J is motivated for us to get this house ready to sell while we're in our Paying Off Debt phase. I don't know how much he's going to be willing for us to invest in improving the existing soil on the vacant lot, etc., in the meantime...and rightly so. But it's also my life experience to "bloom where you're planted"...in the Now...in ways that can be done responsibly and for the sheer joy of it. I've spent too many years past waiting for an elusive "someday," and there is much that can be experimented with and learned from in the meantime.


I SHALL have the tomato plants, Lord and weather willing :) Perhaps they'll have a sunny backdrop of some stray sunflowers. I'm itching to get out there and sow, sow, sow!


Here's hoping the raccoons will let the plants alone at least until they've bloomed a long while!
Please inform me if this photo is not free for use in my post and I will immediately remove it.

5 comments:

Phelan said...

I have no clue. I will ask my father tonight. He lived in Port Orange. I would say go ahead and plant your cool weather foods now.

Laurie said...

I've been planting since late January in Zone 8/7B (we're on the line). I'd get a local gardener's opinion if I were you.

You can start preparing raised beds with newspapers and compost. That was my mode of operation this winter until I could plant. You can work with that hardpan if you go up and attract earthworms.

I used to love the raccoons living near our house. Now I really, really despise them. They steal things. They're so destructive and the threat of rabies to my sweet semi-feral adopted cats scares me to death. There's not a lot I can do about it.

Robbyn said...

Thanks, Phelan and Laurie, for the tips. I'm going to be doing the raised beds as soon as we are on an even keel with jobs and finances. We're battling for time and resources right now. There are some small farms around here, and I might be able to nab some manure, stable straw, or compost. For now we have some big pots I can be filling till we've gathered resources for a larger scale. I may just go ahead and sow some of the sunflowers to hopefully naturalize the unused areas on the vacant lot till I figure the rest out as we go.

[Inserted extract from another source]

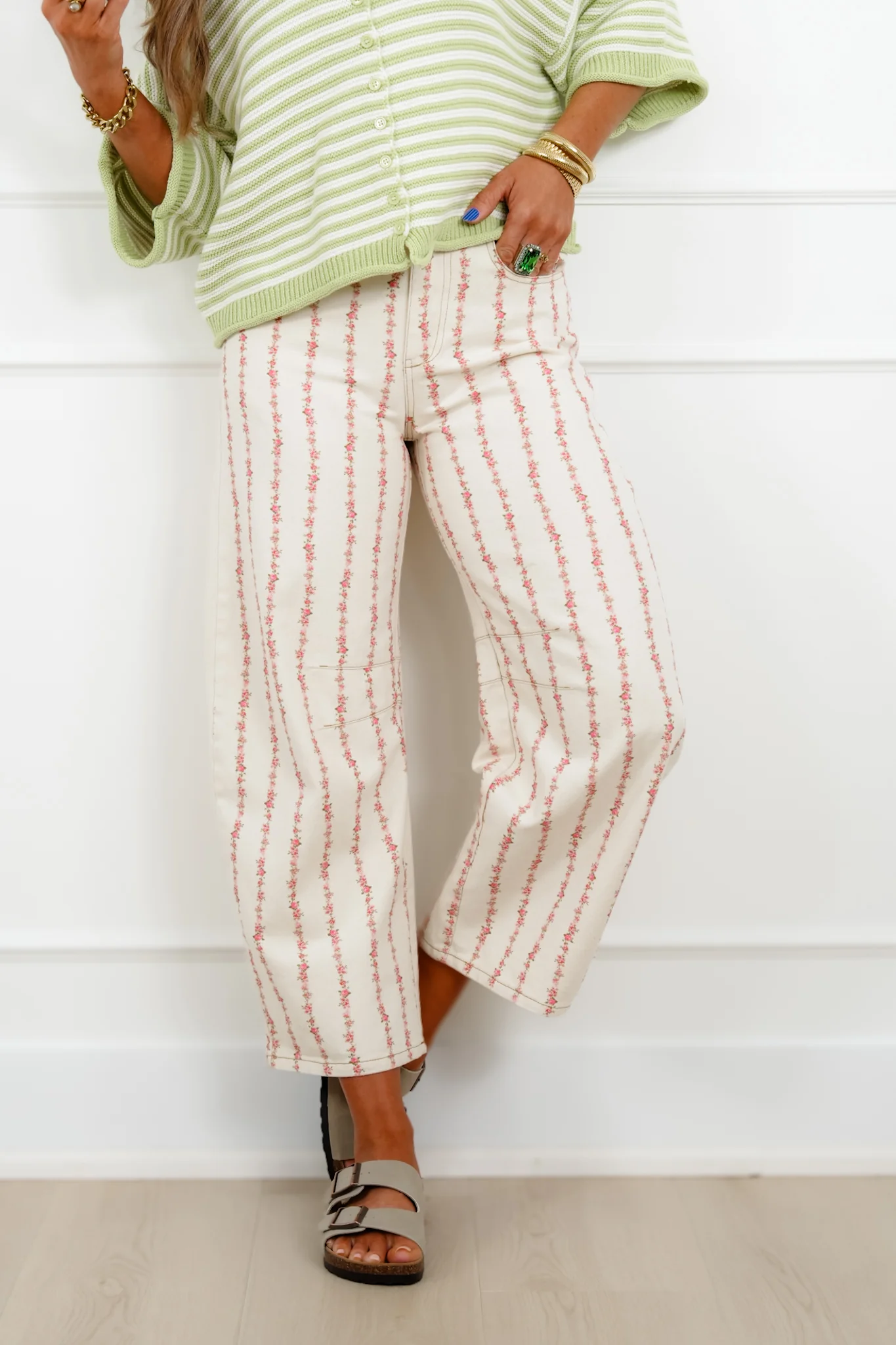 Floral Print Relaxed Barrel Pants - Image 6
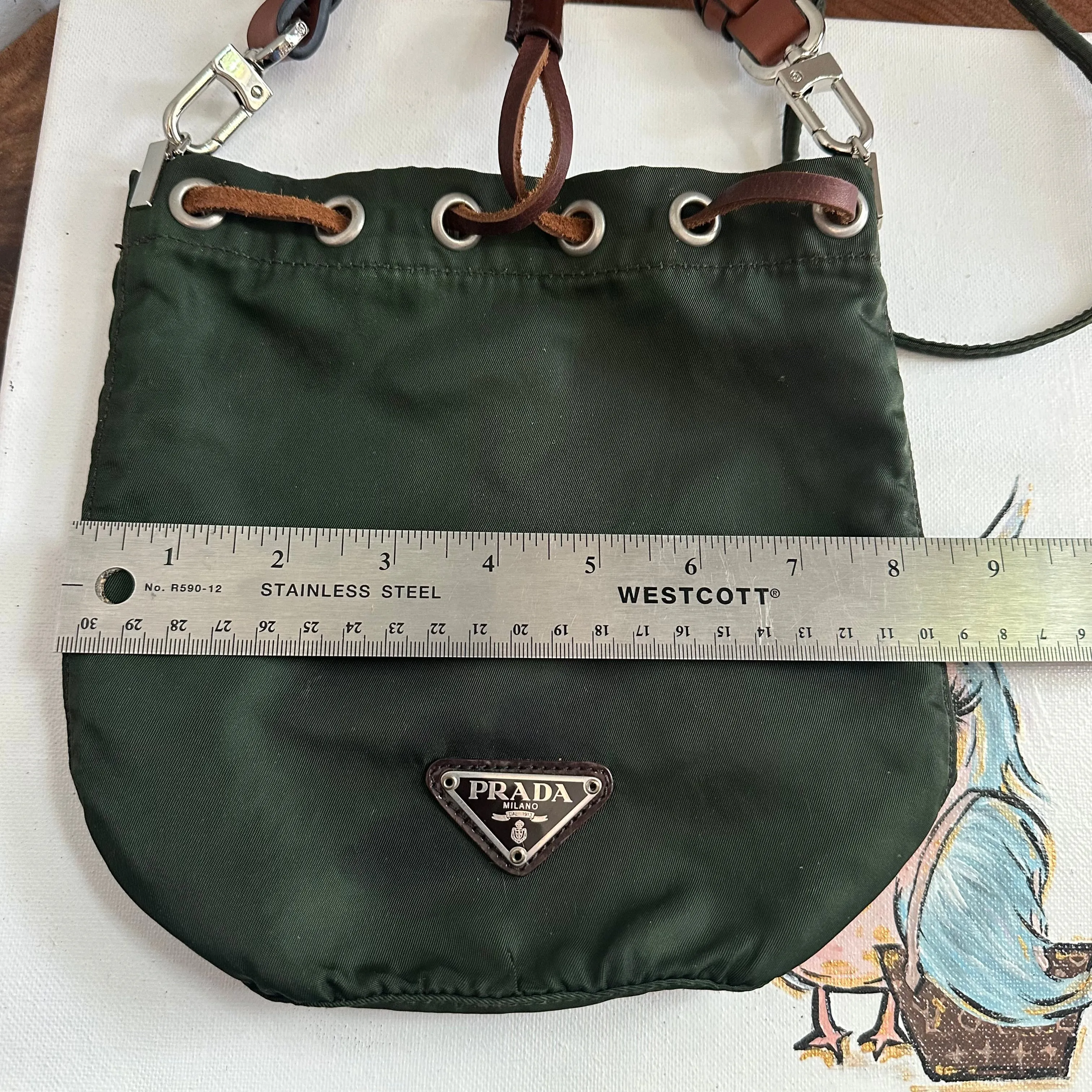 The Junco Pouch - Vintage Prada in Forest Green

If we can get our jobs secure, we'll know our schedules and can have some NORMALITY around here :)

I'll keep you posted as to how the first efforts go...thanks for the encouragement!

PALocalvore said...

I love sunflowers- and I usually have some sort of combination of red ones from seeds I toss out and hope grow, and yellow ones that are volunteers from the bird feeders. A couple of years ago my husband shoveled out the (DEEP) layer of sunflower seed shells under the feeder, and we used them to mulch an area that I thought was too shady to grow anything bu impatiens. (I was a little worried about using the shells as mulch because I had read that sunflowers seeds emit an herbicide to eliminate competition. However, the husband does what he wants, and so the area got mulched.) To my great surprise, a whole bunch of seeds sprouted, and the whole area was filled with sunflowers that summer.

Right now I envy you your non-winters! Yesterday I saw my first robin, today I have 6 inches of snow covering the ground where he was hopping around.

Willa

Robbyn said...

Oh, your flowers sound beautiful!

I'm smiling at your mention of robins. About six weeks ago, (or maybe more?), I remarked to my husband that we had quite a few robins in the backyard hopping around, and that it must be spring. Then I laughed to myself, since in Tennessee we'd only see them in April or May at the earliest. Then I drove down the road and I saw a flock of what had to be hundreds of them, which is a common occurence every day, till they fly up toward you and take the rest of the country its Spring.